A strapping Long Island lad with a penchant for Loro Piana suits, Scaramucci doesn’t strike a Mitt-like figure—but like his new pal, his investment record is divisive. In 2005, the well-coiffed former Goldmanite founded SkyBridge, a firm that helps smaller-scale investors—like doctors, lawyers, small-businessmen—invest in hedge funds. It now manages about $6.5 billion. More important, its Las Vegas-based conference, SALT, is one of Wall Street’s must-attends: Bellagio slots, Karl Rove, fire-breathers, Al Gore, absurdly open bars, Sarah Palin, schmoozing, and, of course, Mitt Romney— all heartily consumed by the world’s biggest moneymen, from T. Boone Pickens to Phil Falcone.

Doesn’t sound like a Mitt scene? Take a look at his campaign’s fundraising figures, and you begin to see why Scaramucci, the hedge-funder’s hedge-funder, is such a key asset. In 2008, Democrats scored 67 percent of hedge fund donations, according to the Center for Responsive Politics. But this year, Romney and the GOP are taking 73 percent from Team Mooch. The guy who runs a fund of funds is Romney’s living, breathing fund of hedge-funders. You see “some of the same faces” at the RNC as you do at SALT, he says.

As we spoke, Scaramucci’s lobby stroll was interrupted by a Morgan Stanley broker—a guy who helps sell SkyBridge products, as it happens. The broker thanked him for fighting the good fight. “I know man, I’m taking a lot of heat for what I’m doing,” Scaramucci replied. “Yeah I’m taking flak,” he explains. “Democrats buy hedge funds too. But I just want the country to be better. Besides, our performance is too good for people to pull their money.”

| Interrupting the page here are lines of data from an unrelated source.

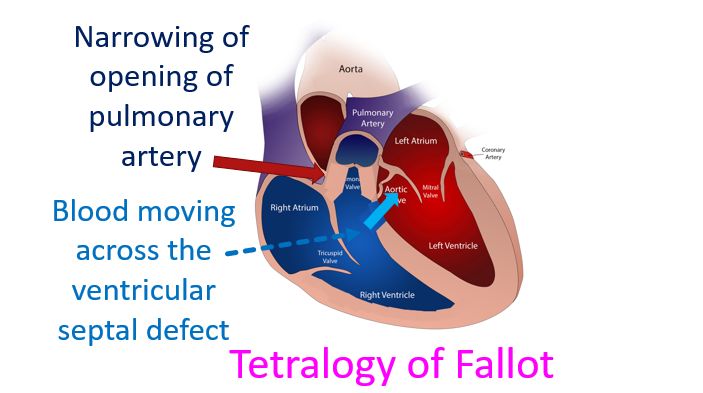 Tetralogy of Fallot with right to left shunt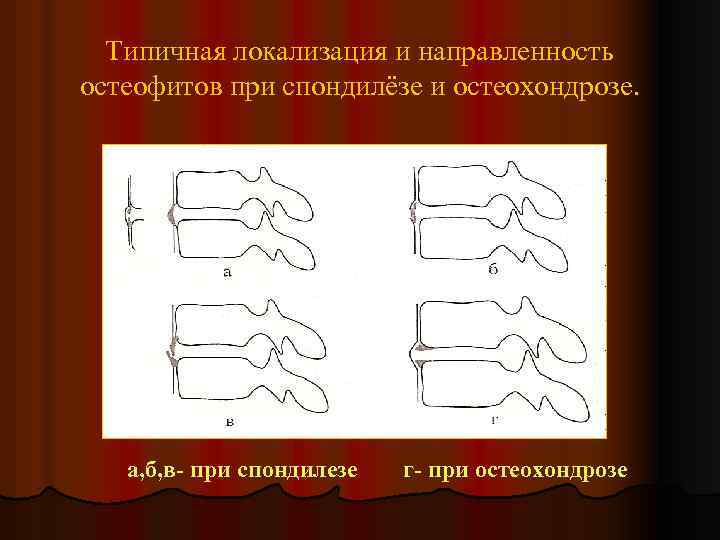 Типичная локализация и направленность остеофитов при спондилёзе и остеохондрозе. а, б, в- при спондилезе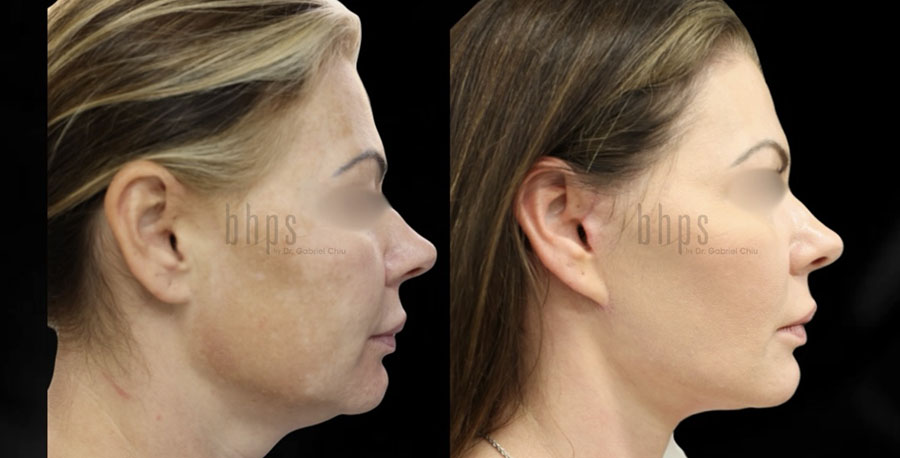 Face Lift Patient 03 Before & After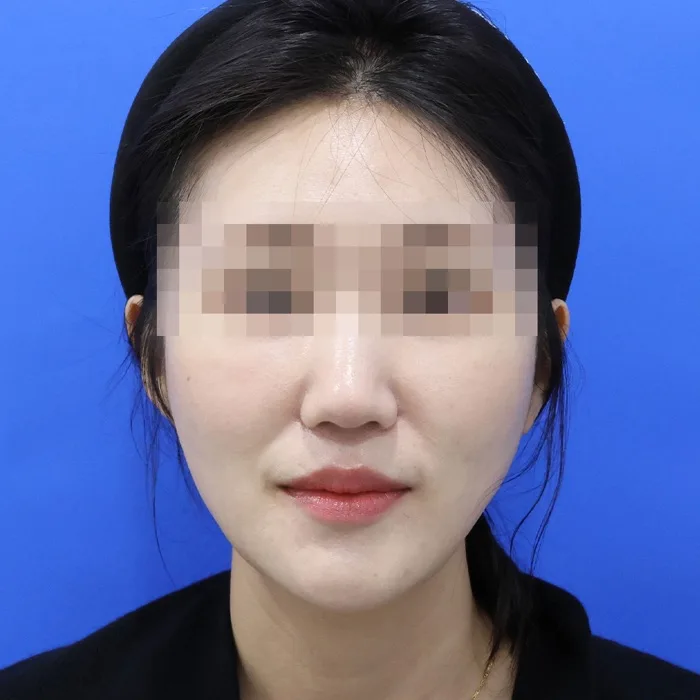 Sau điều trị — căng chỉ da mặt, ảnh chính diện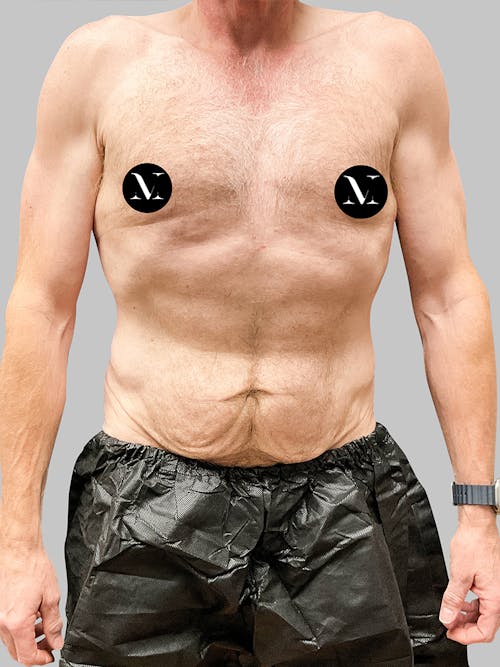 Tummy Tuck Patient 187993373 Before Front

That part’s hard to prove. SkyBridge has consistently underperformed the plain old S&P, although, as Scaramucci points out, it trades at 40 percent of that index’s volatility. Scaramucci has been called “sleazy” by Reuters’ Felix Salmon; Slate’s Matt Yglesias says he’ll “make you poor.” He shrugs. “I’m Italian-American, doing a conference in Vegas, and wrote a book about being fired from Goldman—I’m an easy mark. But I got armadillo skin.”

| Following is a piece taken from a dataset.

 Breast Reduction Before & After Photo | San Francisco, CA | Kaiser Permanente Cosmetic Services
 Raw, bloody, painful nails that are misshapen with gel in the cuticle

Whether or not Anthony Scaramucci helps investors is still an open question. Whether or not the Barack Obama era helps investors is less ambiguous. The stock market has doubled in the past three years, and all major indices have traded near five-year highs in the past three weeks, helping out many of Scaramucci's clients.

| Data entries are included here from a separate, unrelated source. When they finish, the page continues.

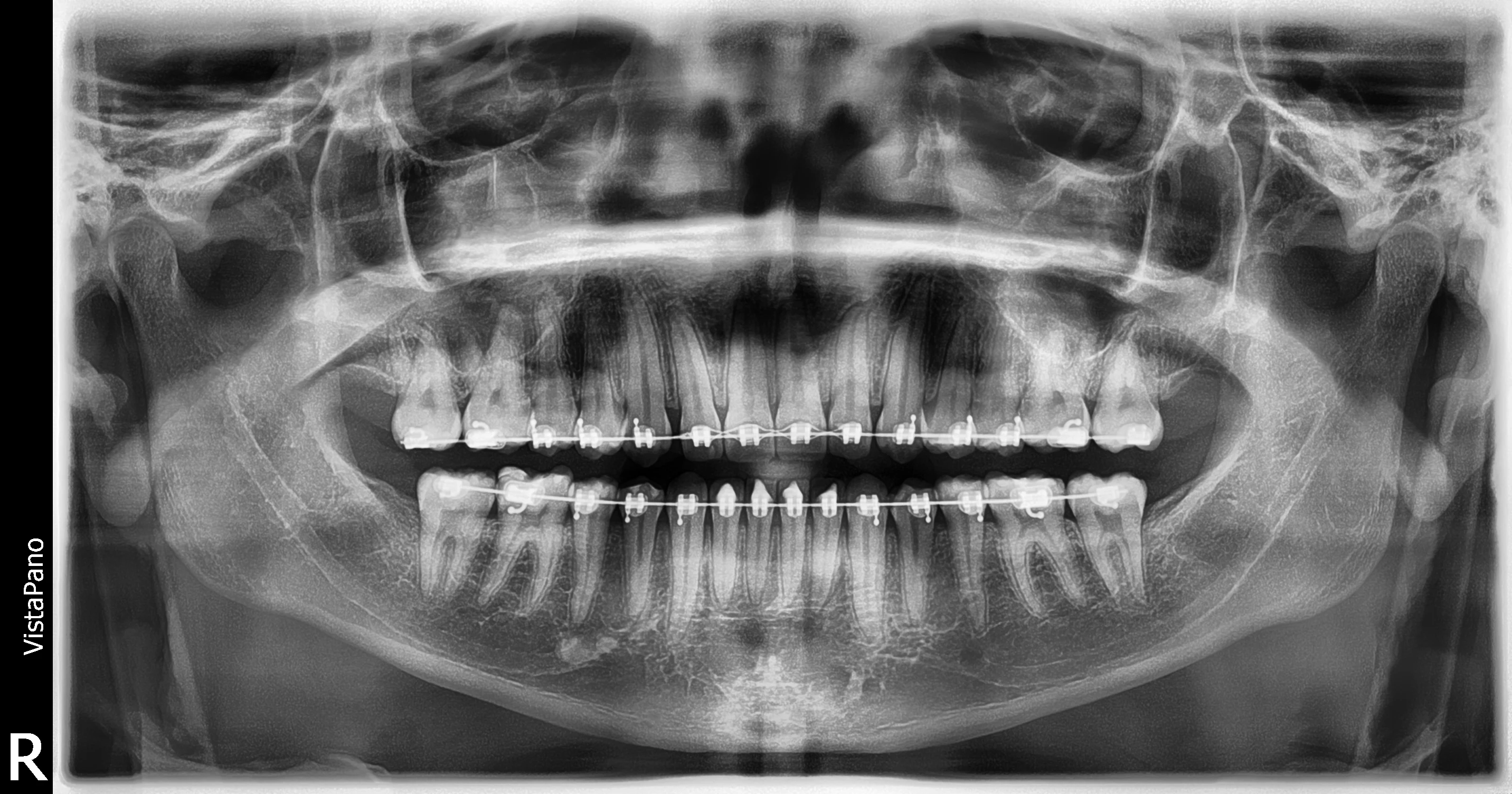 Radiografía panorámica de tratamiento integral con ortodoncia
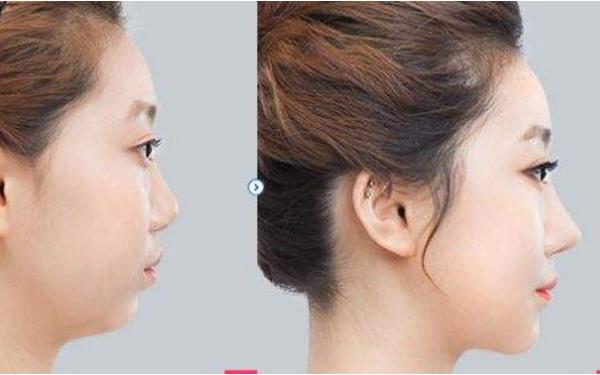 福州<a href=http://www.f3bb6.cn/listinfo-737-0.html target=_blank class=infotextkey>隆鼻</a>價格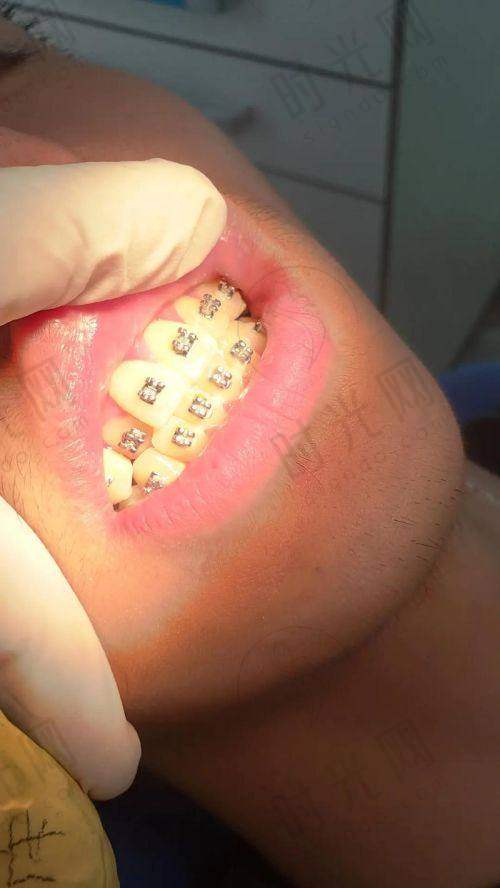 宁波鄞州德中口腔种牙的行动避坑指南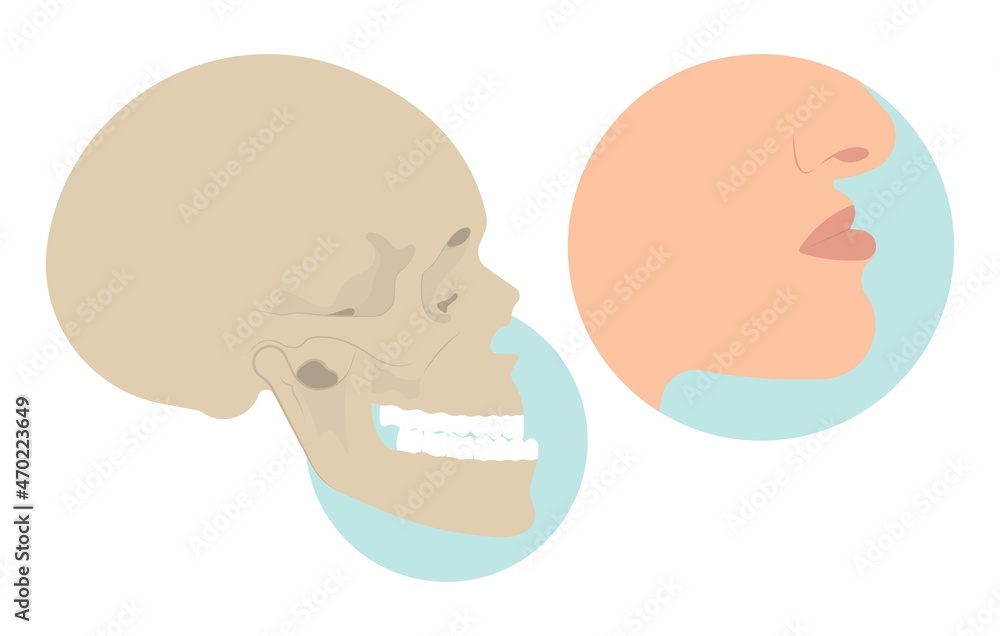 Jaw Surgery chin implant Sleep Apnea snoring upper airway plastic facial Cranio TMD TMJ joint Overbite teeth dental birth defects Open bite pain trauma cosmetic gummy smile bone reconstructive bad Jaw Surgery chin implant Sleep Apnea snoring upper airway plastic facial Cranio TMD TMJ joint Overbite teeth dental birth defects Open bite pain trauma cosmetic gummy smile bone reconstructive bad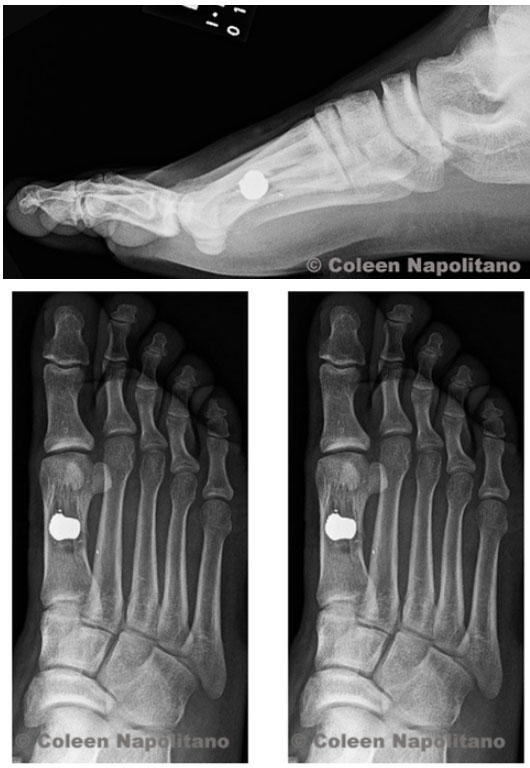imaging of foot with bullet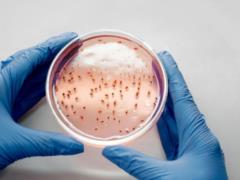 What s next for hantavirus: why don t we hear anything more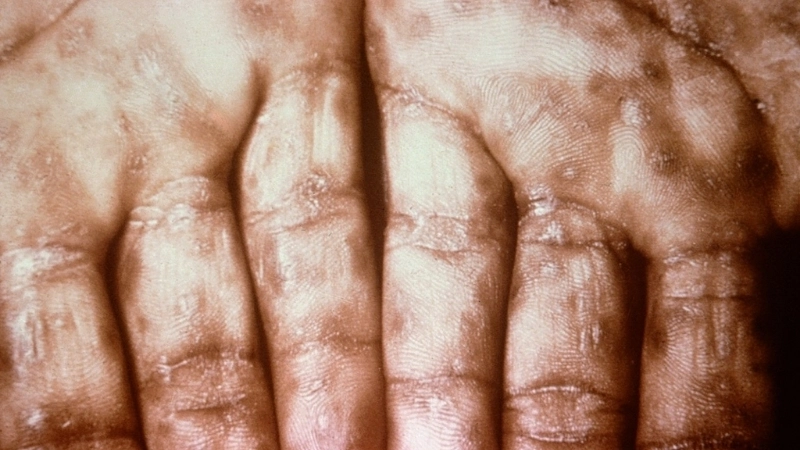 Hình ảnh bệnh giang mai ở trẻ em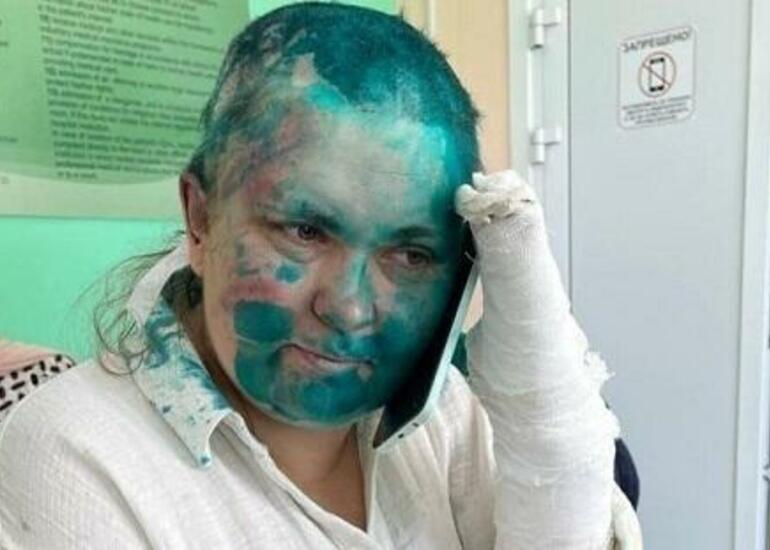 Jurnalistə hücumla bağlı Putinə məruzə edildi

But Scaramucci is circumspect. He once fouled Barack on the Harvard Law School basketball courts, but voted for him in 2008. Since then, he says, that “smart, biracial, transformative” guy has become “a rank ideologue,” “socialistic,” and “a president of class warfare.” Again, Scaramucci reminds me, “I’m of Italian-American descent, and my family members who live in Italy are out of work,” thanks to the president’s poor economic stewardship. So he manages his 53 SkyBridge employees the Scaramucci way: no payroll deduction for healthcare, maximized contributions to retirement accounts. “I’m not anti-union,” he says, “I’m a member of a union. I’m a member of the Screen Actors Guild.”

As a Romney surrogate, the finance co-chair—not an official spokesman—is a riot, with more good lines than 10 John Sununus. Obama may have “the best smile in American politics since Jack Kennedy,” he says, but we’ve gone from “hope and change” to “no hope and spare change.”

“President Clinton would never do this,” he says. “His endorsement spot looks like a hostage video. I bet there's a water-boarder standing off-camera.”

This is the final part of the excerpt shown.